Monday, November 02, 2009

California vs. Texas:
The Verdict Is In

by John Hinderaker - November 1, 2009 - Powerline

Texas has usurped the leadership position that, decades ago, belonged to California. Today California is in decline, likely irreversibly so. William Voegeli draws the sad but instructive comparison in the Los Angeles Times:
In America's federal system, some states, such as California, offer residents a "package deal" that bundles numerous and ambitious public benefits with the high taxes needed to pay for them. Other states, such as Texas, offer packages combining modest benefits and low taxes. These alternatives, of course, define the basic argument between liberals and conservatives over what it means to get the size and scope of government right. ...

California and Texas are not perfect representatives of the alternative deals, but they come close.

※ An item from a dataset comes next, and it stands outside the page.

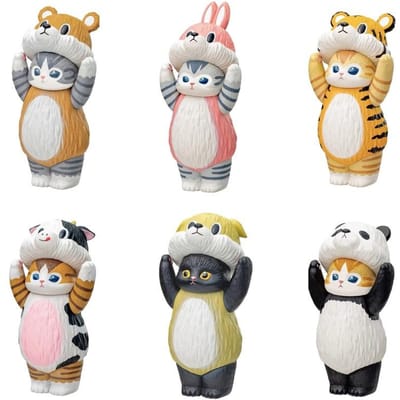 Coffret de figurines Mofusand avec couvre-chefs animaux mignons en PVC, pendentif en forme de donut, porte-clés décoratif, jouet surprise, cadeau gray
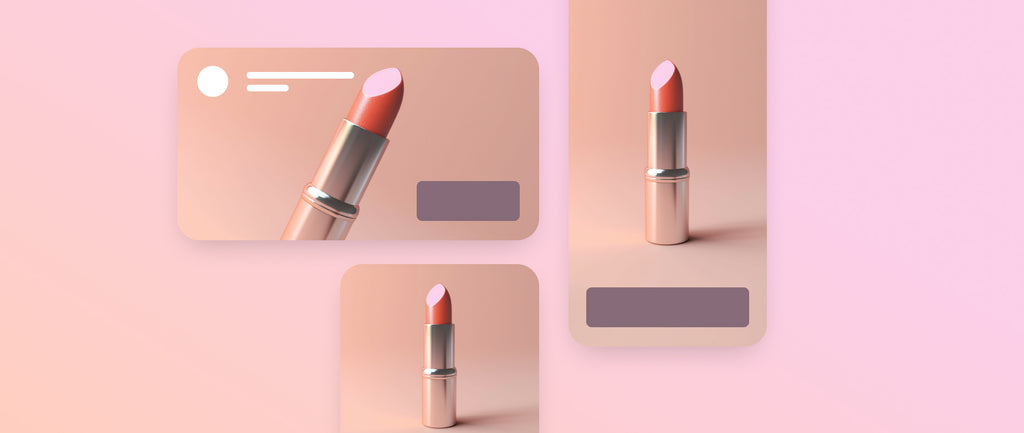 three different online ad modules with a picture of a lipstick on each one: paid advertising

Overall, the Census Bureau's latest data show that state and local government expenditures for all purposes in 2005-06 were 46.8% higher in California than in Texas: $10,070 per person compared with $6,858. ...

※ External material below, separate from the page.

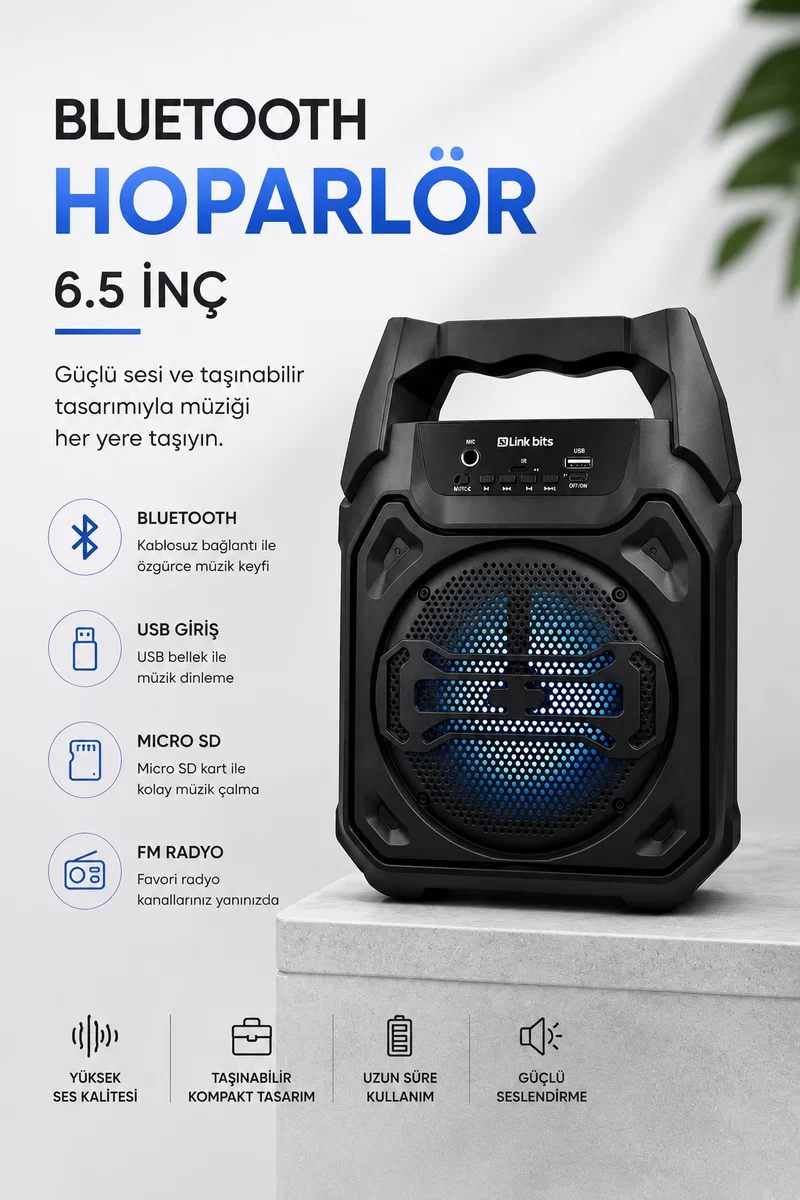 Mikrofonlu Bluetooth Ses Sistemli USB Micro SD FM ve Uzun Pil Ömrü 1 Mikrofonlu Bluetooth Ses Sistemli USB Micro SD FM ve Uzun Pil Ömrü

Confronted with a stark choice between government dominance and freedom, Americans are voting with their feet:
One way to assess how Americans feel about the different tax and benefit packages the states offer is by examining internal U.S. migration patterns. Between April 1, 2000, and June 30, 2007, an average of 3,247 more people moved out of California than into it every week, according to the Census Bureau. Over the same period, Texas had a net weekly population increase of 1,544 as a result of people moving in from other states. During these years, more generally, 16 of the 17 states with the lowest tax levels had positive "net internal migration," in the Census Bureau's language, while 14 of the 17 states with the highest taxes had negative net internal migration.

I have lived in both of these states, Texas and California. In fact I have lived and worked all over both states. In Texas, that includes Austin, Fort Worth, San Antonio and El Paso. I have only missed Houston. In California that includes Culver City, the San Fernando Valley, Redondo Beach, Long Beach, Malibu, Cerritos and San Jose. I have only missed San Diego and Sacramento.

I can say from first hand experience. This article is correct. I had a friend in California who was in her late forties who had retired as a teacher and was making almost $60,000 in retirement. She was working full time as a realtor making even more than that while still drawing her retirement. The article didn't note that, but the early retirement provisions allow these ex government employees to go on to second careers at very early ages, while still drawing huge government pensions.

Many of our states are no longer a fair deal for our citizens. We have become as corrupt and class based as any nation on earth has ever been. The only difference is that the UPPER CLASS today is government bureaucrats.